As for the rest of the New England states, a Clinton victory is expected. But not all are equally blue. The bluest of them all is Massachusetts. Polls here show Clinton is far ahead of Trump, averaging 59.7 percent to 28.7 percent. In fact, one recent poll showed that Clinton was garnering more than double the support Trump had, 65 percent to 30 percent.

Those figures assume a two-way race. When the third-party candidates are factored in, the distance between Clinton and Trump remains almost the same: she leads at 56.3 percent; he trails at 26.3 percent.

Of the remaining two New England states, Connecticut leans Clinton, 50 percent to 35 percent according to the latest Emerson poll. Rhode Island, meanwhile, is a little bluer, with a ranking as a likely Clinton state, according to RealClearPolitics. Clinton is again at 52 percent, but Trump is lower, at 32 percent, according to the most recent poll for the state. (The numbers for both states are factoring in the impact of the third party candidates.)

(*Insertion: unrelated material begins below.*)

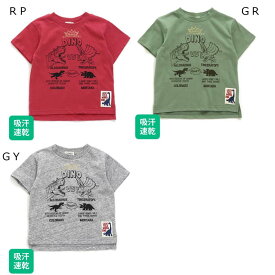 ☆20％OFF☆ F.O.KIDS吸汗速乾加工DINOSAUR VS 半袖Tシャツ　R307103_23夏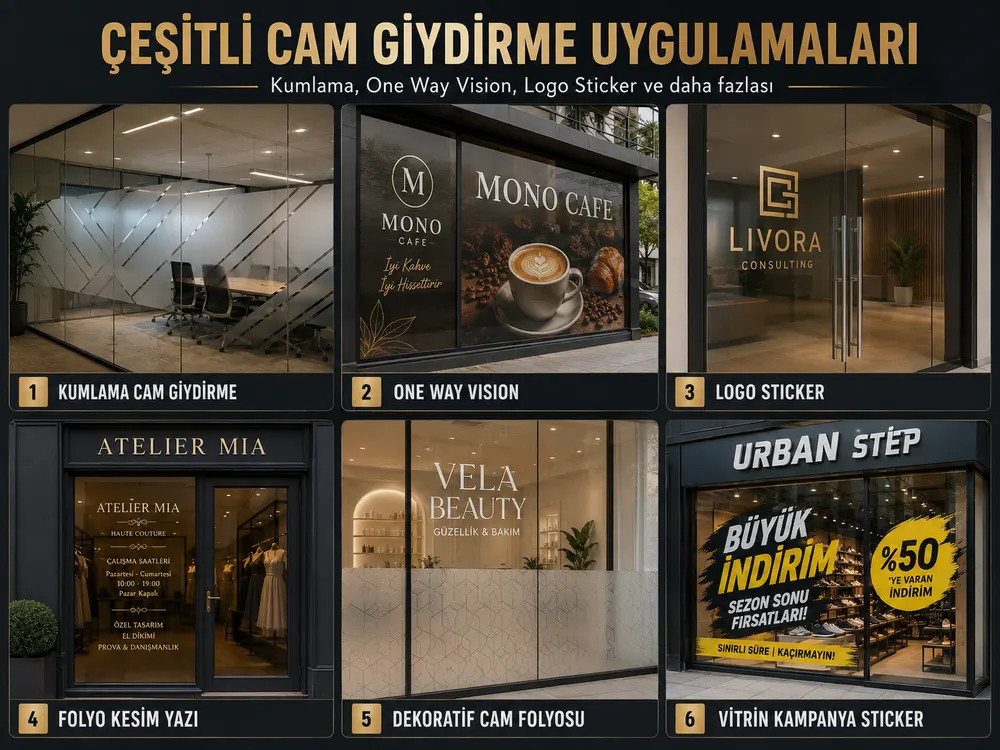 CAM GİYDİRME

New England also has some good news for at least one third party candidate, Johnson. Nationally, he is polling on average at 5.2 percent. But in most of New England his numbers are higher than that.

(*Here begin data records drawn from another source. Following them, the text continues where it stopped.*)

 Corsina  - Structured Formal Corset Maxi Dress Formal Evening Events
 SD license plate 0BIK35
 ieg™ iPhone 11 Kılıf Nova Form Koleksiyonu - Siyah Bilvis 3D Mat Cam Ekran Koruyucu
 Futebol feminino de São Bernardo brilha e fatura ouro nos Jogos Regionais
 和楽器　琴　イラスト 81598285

An Emerson College poll had him at 8 percent in the Rhode Island in early September, but one month later he had dipped to 5 percent. In Connecticut, the trend is the reverse: Johnson has gone from 6 percent in a June poll to 9 percent in one last month.

And in dark blue Massachusetts, he’s averaging 6.0 percent.

In general, the farther north and more rural one goes, the better Johnson’s numbers. In New Hampshire, he’s averaging at 7.8 percent but previous polls have shown him even higher, at 10 percent and 11 percent. In Vermont—a state with a progressive reputation—he hit as high as 13 percent in September, before snapping down to a low 4 percent one month later. And in Maine he’s averaging 10.5 percent.

Overall, Stein’s numbers are also slightly above her national average of 2.0 percent. In general, she’s running in the mid-single digits in New England. Perhaps unsurprisingly, she’s doing her best in Bernie Sanders’ home state of Vermont, averaging 5 percent in the polls there. Her next best showing is in Rhode Island, where the average of the two most recent polls puts her at 4.5 percent. Her lowest level of support, a polling average of 2.5 percent, is in the Granite State.